**INSTRUCTIONS TO FOLLOW:** Only the lines from the line that contains "X0000075391329200609080929" through the final line of the entries below belong in your answer, copied exactly and without pictures.

═══ INFORMATION

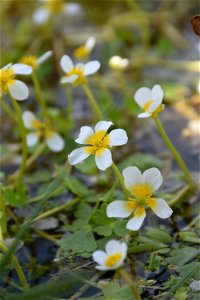 Ranunculus peltatus subsp. baudotii (Godr.) Meikle ex C.D.K.Cook, 1984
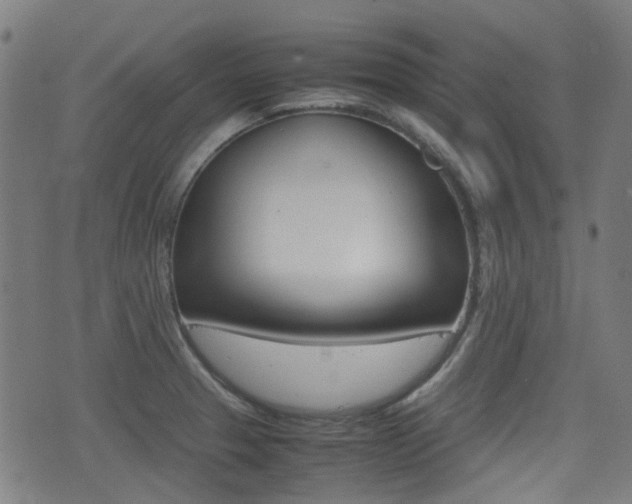 X0000075391329200609080929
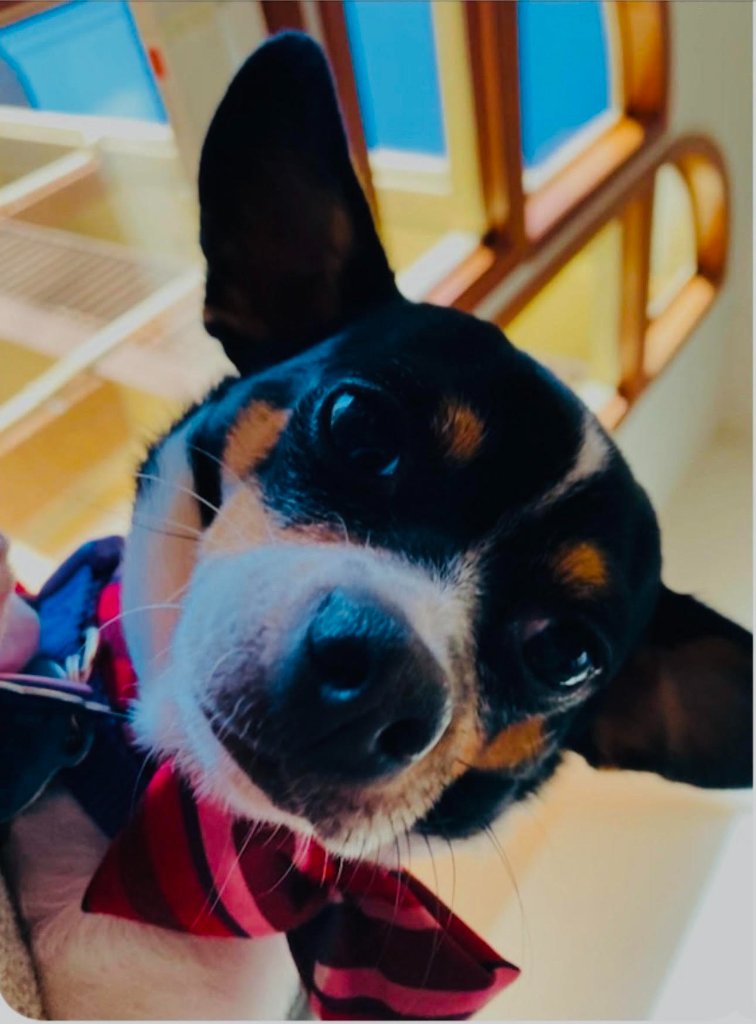 Buddy — Pet Assistance Program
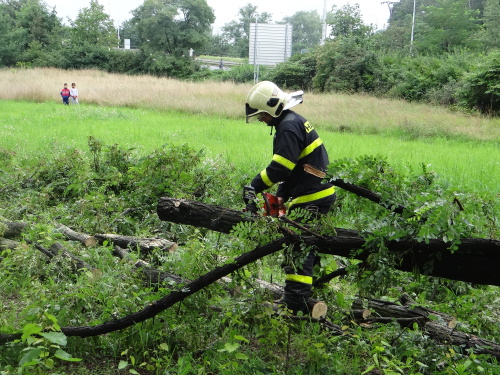 strom2akatymenirnaOstrava (7).JPG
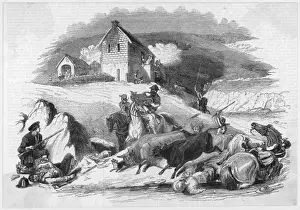 Steal Prints: Border Cattle Raid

══════

**TASK OUTPUT:**
 X0000075391329200609080929
 Buddy — Pet Assistance Program
 strom2akatymenirnaOstrava (7).JPG
 Steal Prints: Border Cattle Raid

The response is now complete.